[SUPPLIED DATA]
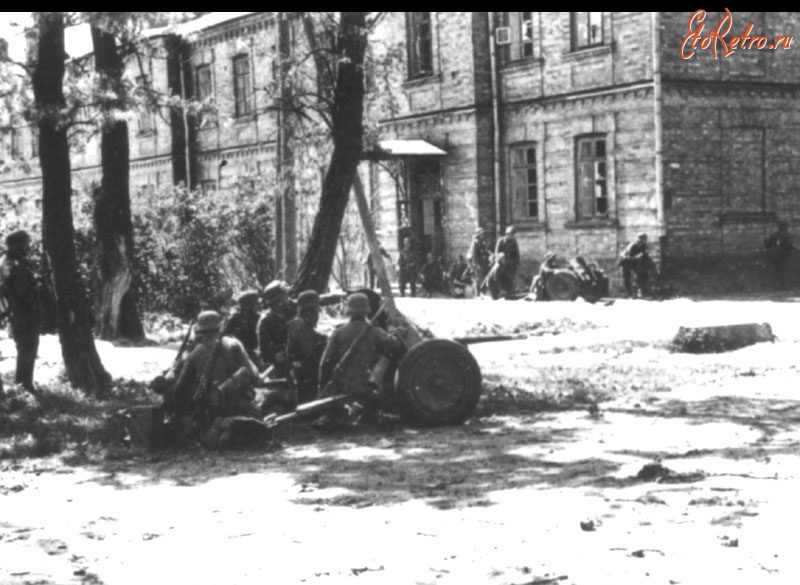 Войны (боевые действия) - Бои немецких ударных частей в районе Бреста. Июнь 1941 г.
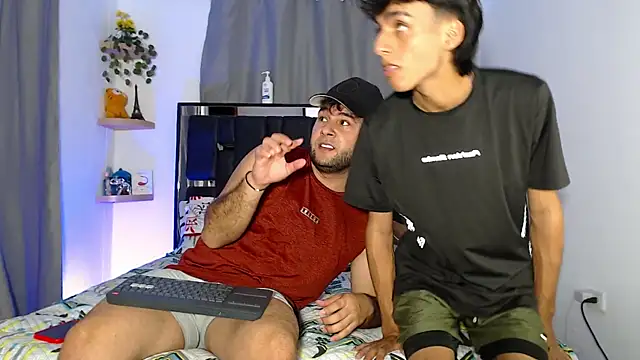 Snapshot of Valerio_22 chatting on March 2026 12:58:02 AM Valerio 22 online show from March 2026 12:58:02 AM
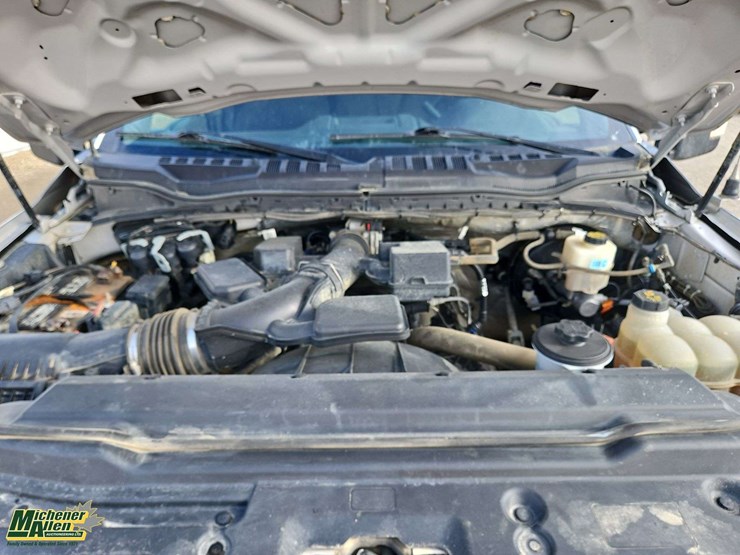 2022-ford-f250-image-14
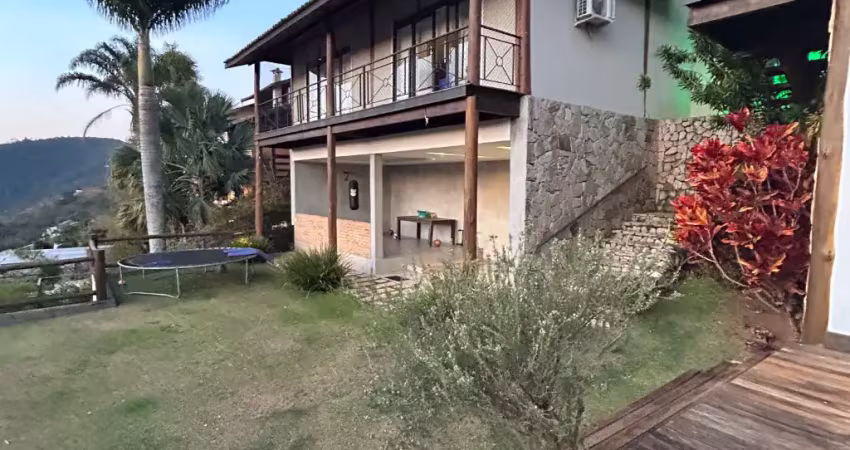 Belíssima casa de condomínio à venda em nogueira petrópolis-rj!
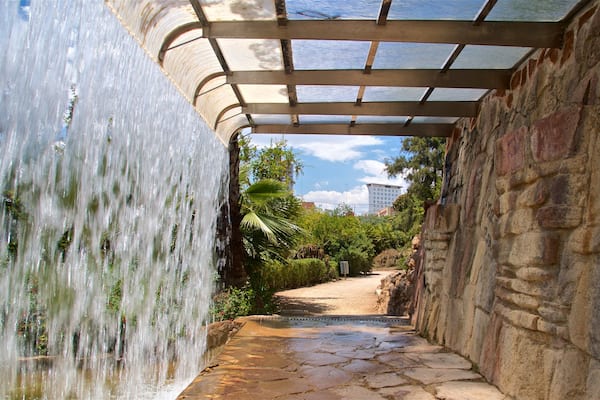 Parc de Benicalap featuring a fountain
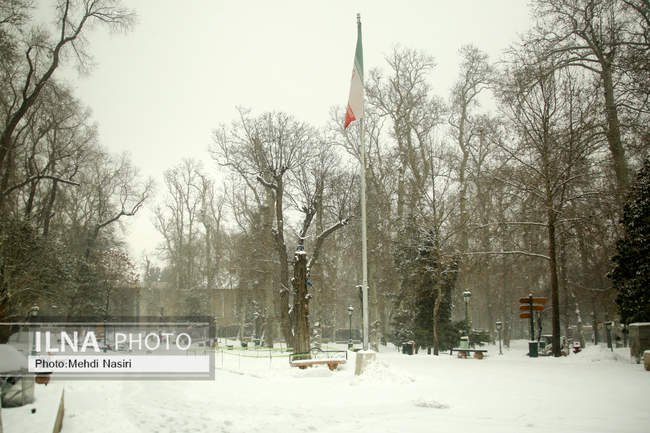 مجموعه فرهنگی-تاریخی نیاوران در یک روز برفی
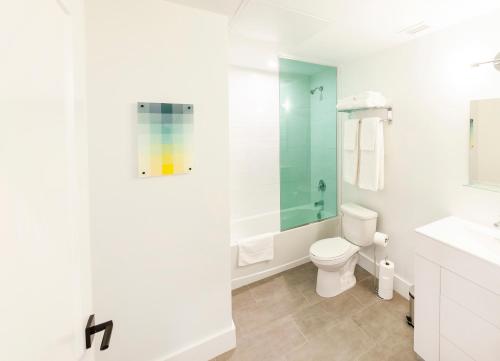 汉密尔顿The Laundry Rooms Augusta的白色的浴室设有卫生间和水槽。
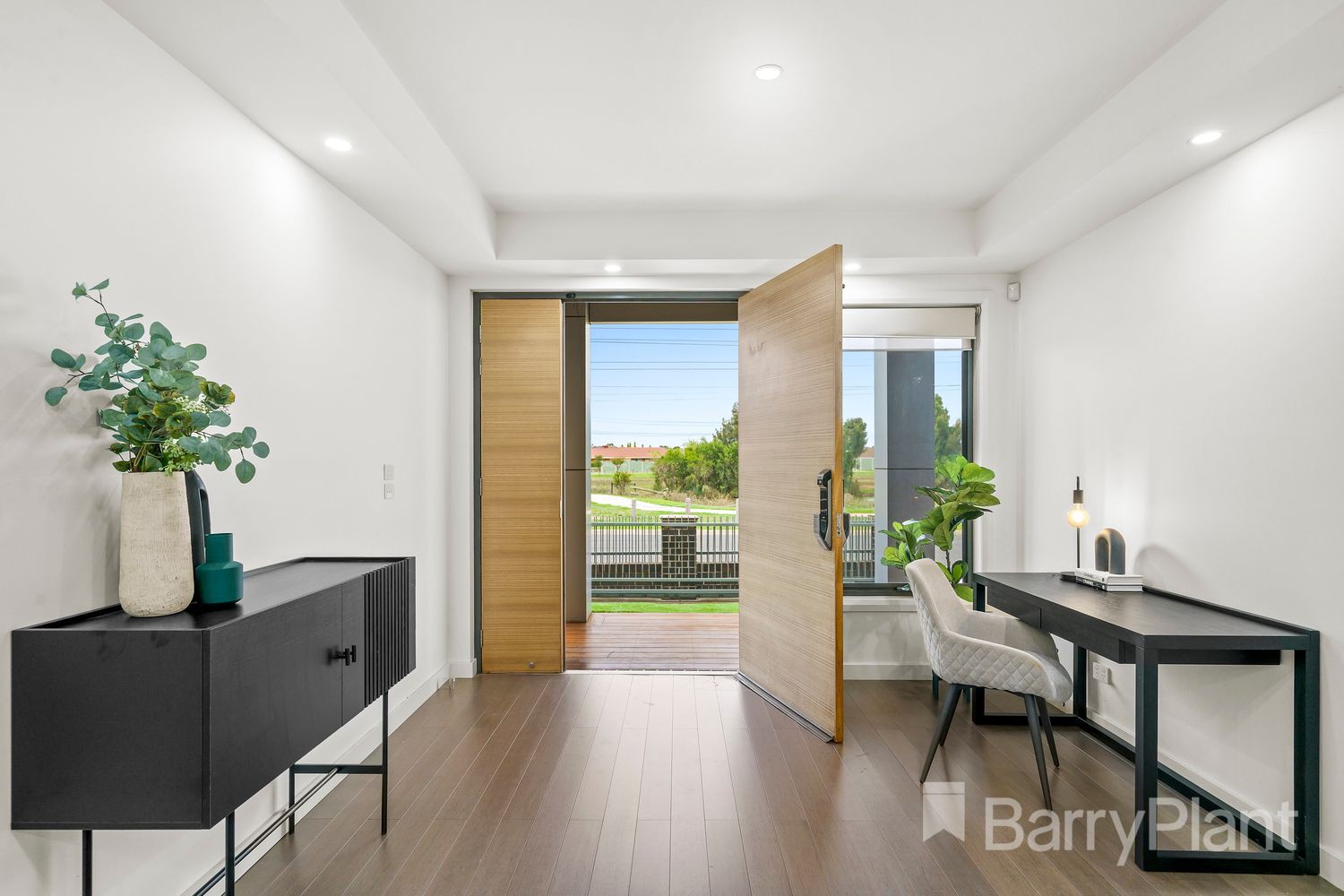 20 Egret Crescent, Cairnlea, VIC 3023 - Thumbnail 2 - 05/05/2022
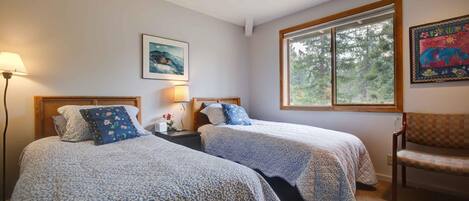 3 bedrooms, iron/ironing board, internet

[ACTION ITEM] Type the records out again in full, exactly, with each picture omitted.

[ANSWER BELOW]
 Войны (боевые действия) - Бои немецких ударных частей в районе Бреста. Июнь 1941 г.
 Snapshot of Valerio_22 chatting on March 2026 12:58:02 AM Valerio 22 online show from March 2026 12:58:02 AM
 2022-ford-f250-image-14
 Belíssima casa de condomínio à venda em nogueira petrópolis-rj!
 Parc de Benicalap featuring a fountain
 مجموعه فرهنگی-تاریخی نیاوران در یک روز برفی
 汉密尔顿The Laundry Rooms Augusta的白色的浴室设有卫生间和水槽。
 20 Egret Crescent, Cairnlea, VIC 3023 - Thumbnail 2 - 05/05/2022
 3 bedrooms, iron/ironing board, internet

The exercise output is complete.